If there's anything from the original list i should try as well lmk

fallen spear Nov 17, 2023, 5:13 AM

#

i feel like the trigeglu and inner product are trying to tell me something but i don't know what

#

the other geglu derivatives might give us some clue about what is working and why

#

and, I guess, product pool, let me check to make sure I wrote it reasonably

fallen spear Nov 17, 2023, 5:14 AM

#

fallen spear i feel like the trigeglu and inner product are trying to tell me something but i...

something other than "products are good"

shut badge Nov 17, 2023, 5:15 AM

#

Seems the loss still starts pretty high with YinLU3

fallen spear Nov 17, 2023, 5:15 AM

#

fallen spear the other geglu derivatives might give us some clue about what is working and wh...

they basically vary: whether there is a quadratic term inside the gelu activation or multiplied into it

soft bobcat Nov 17, 2023, 5:15 AM

#

right, the failure of this activation function isn't because of f(0) = 1, it's something else

fallen spear Nov 17, 2023, 5:16 AM

#

https://gist.github.com/segyges/20bb00cf43fe617c2fdb7c6465698853
gist number two

soft bobcat Nov 17, 2023, 5:16 AM

#

this activation function is just bad somehow

shut badge Nov 17, 2023, 5:17 AM

#

sin, tanh, and and gelu all have different output ranges, does it make sense to add them together?

soft bobcat Nov 17, 2023, 5:17 AM

#

it does, but my guess is that sin and tanh are so bad that they don't make sense even in a mixture

shut badge Nov 17, 2023, 5:17 AM

#

er, well sin/tanh and gelu do

soft bobcat Nov 17, 2023, 5:18 AM

#

so forget about YinLU4, it's also almost certainly terrible

fallen spear Nov 17, 2023, 5:18 AM

#

i suspect baselining against product pool makes sense since it just forgoes the actual functions and does multiplication

#

... and powerproductpool

#

"eliminate effects besides the product operation", more or less

soft bobcat Nov 17, 2023, 5:21 AM

#

shut badge Seems the loss still starts pretty high with YinLU3

and YinLU3 can be stopped too, its loss is unlikely to ever be competitive

fallen spear Nov 17, 2023, 5:23 AM

#

we could maybe make a later note to ablate it to verify which of the components is harming it

#

on the "activation functions can't be awesome, they can only suck" theory

shut badge Nov 17, 2023, 5:23 AM

#

This seems like something that could be done through neural architecture search (not that I have the compute resources for that or anything)

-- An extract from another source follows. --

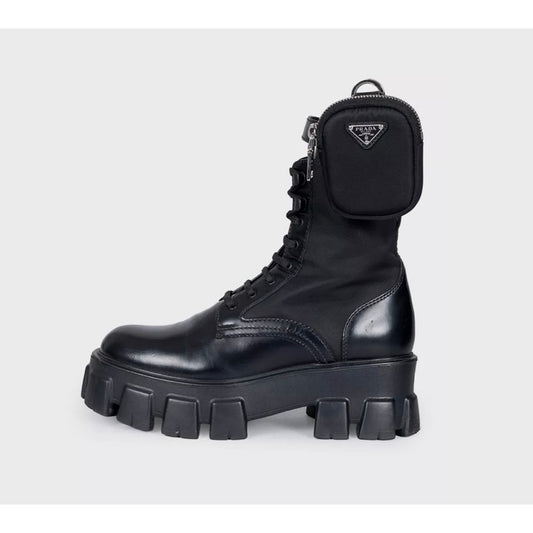 Prada Monolith Black Leather Boots - EU 38 Pre-Owned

fallen spear Nov 17, 2023, 5:24 AM

#

... hardmaru did something like that

#

I am coming at this from the "what sort of seems to make sense to me mathematically" direction but that is possibly the wrong direction

shut badge Nov 17, 2023, 5:25 AM

#

https://www.nature.com/articles/s41598-021-96723-8

Nature

Universal activation function for machine learning

Scientific Reports - Universal activation function for machine learning

#

perhaps i should try this too as another baseline

fallen spear Nov 17, 2023, 5:26 AM

#

five trainable parameters is a good number for us

soft bobcat Nov 17, 2023, 5:26 AM

#

them freezing the UAF parameters in the middle is very strange

#

"This is done to reduce the over-fitting of the model and to prevent training instability", which means they saw training instability. why would this instability occur?

fallen spear Nov 17, 2023, 5:27 AM

#

what are they actually training and does it even have normalization on it

#

NNs are naturally unstable, instability in a sandbox problem tells us very little

#

he VGG 8 layer CNN

#

yeah

#

don't worry about their experiments imho, their math looks incredibly clever though

#

it worked once in a tiny sandbox and the math in principle approximates any activation, good enough for me

#

... grad students at uvic

shut badge Nov 17, 2023, 5:31 AM

#

        act = (
            torch.log(1 + torch.exp(x_1 * (x + x_2) * x_3 * x**2))
            - torch.log(1 + torch.exp(x_4 * (x - x_2)))
            + x_5 * x_6
        )

fallen spear Nov 17, 2023, 5:31 AM

#

i think you can just use the sixth param as the input to the activation

shut badge Nov 17, 2023, 5:31 AM

#

o yea

fallen spear Nov 17, 2023, 5:31 AM

#

but i do not yet understand their math

fallen spear Nov 17, 2023, 5:32 AM

#

fallen spear ... grad students at uvic

my first guess was "someone in science who is very smart but not in ML" but students in uni without serious AI research program checks out

#

"we did something incredibly clever on a zero resource budget" thank god for resource constraints thank you so much

#

yeah, this is a much smarter approach to the problem than "make up equations and see if one of them eventually sticks"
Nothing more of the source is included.